Linux developers are looking to extend Ubuntu, one of the most popular of open-source distributions, to handheld Internet-enabled devices.

Developers meeting at the Ubuntu Developer Summit, currently meeting in Seville,will discuss details of the new Ubuntu Mobile and Embedded project.

Ubuntu programmers will develop a mobile version of the Debian-based Linux operating system in collaboration with Intel, which plans a new low-power processor and chipset architecture designed to allow full Internet capability on mobile devices, according to a statement published on the Ubuntu website.

The move to offer a mobile and embedded version comes on the heels of a similar project that Intel is supporting: the Gnome Mobile & Embedded Initiative (GMAE), announced 19 April at the Embedded Linux Conference in Santa Clara, California. The initiative is open to developers, manufacturers and others interested in developing mobile device applications based on Gnome-based open-source components.

The summit is being organised by Canonical, the commercial sponsor of Ubuntu.

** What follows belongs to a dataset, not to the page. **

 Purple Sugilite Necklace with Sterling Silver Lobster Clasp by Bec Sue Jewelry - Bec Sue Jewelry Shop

South African entrepreneur Mark Shuttleworth initiated the project to create Ubuntu, based on Debian GNU/Linux, and founded Canonical in 2004. Canonical offers usage and basic support of the operating system for free, and additional services on commercial terms.

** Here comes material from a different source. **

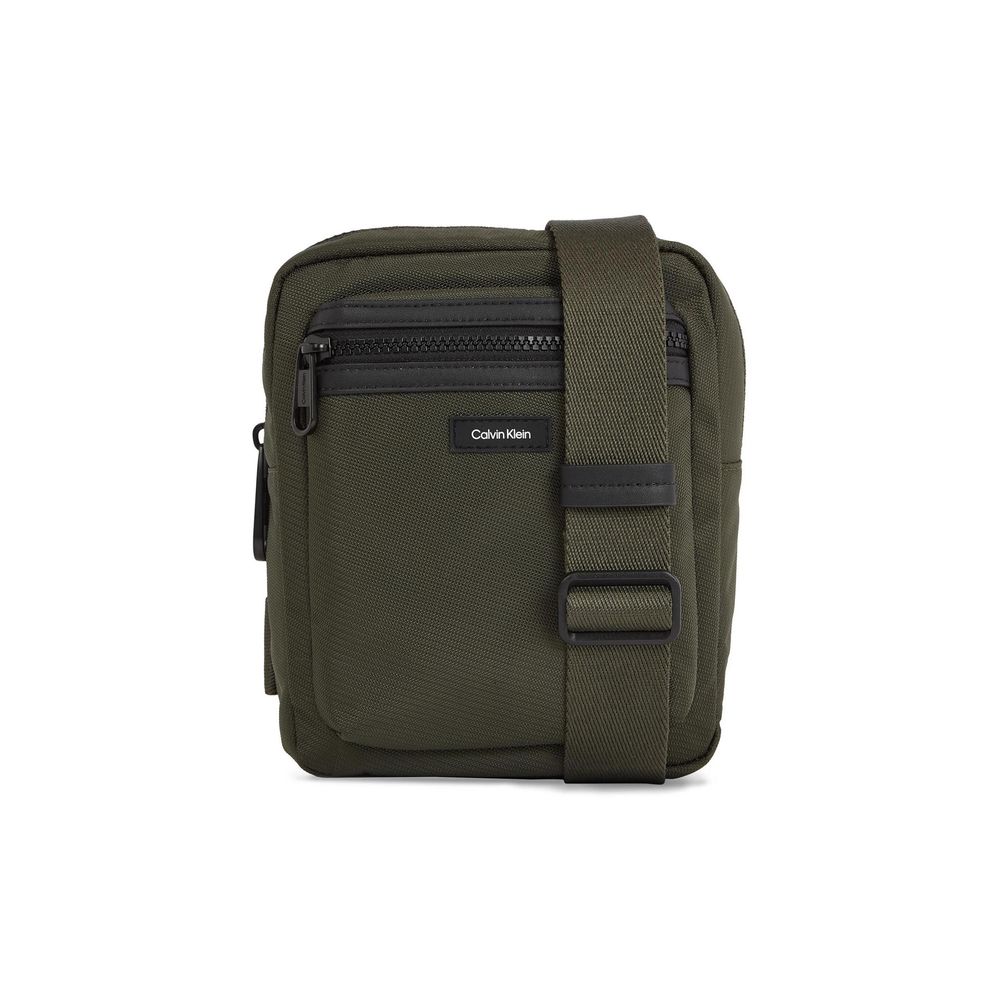 Geantă messenger Calvin Klein verde din poliester reciclat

Overall, Ubuntu Linux appears to be gaining traction among users. Last week, Dell announced plans to pre-load Ubuntu on its forthcoming Linux PCs.

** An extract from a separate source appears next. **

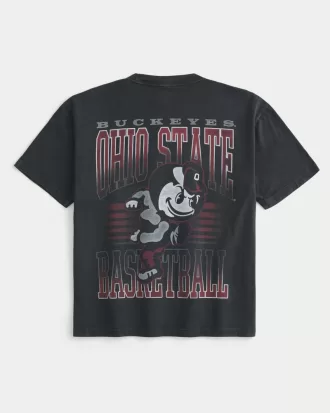 Boxy Ohio State Buckeyes Basketball Graphic Tee,Boxy Ohio State Buckeyes Basketball Graphic Tee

The mobile edition is pencilled in for release in October, together with the new Ubuntu 7.10 version.

Although the use of Linux in smartphones is still comparatively low, accounting for only around 6 percent of the market for smartphone operating systems in 2006, demand for open source will increase as more handset makers move away from older proprietary phone operating systems, Nick Spencer, an analyst with Canalys.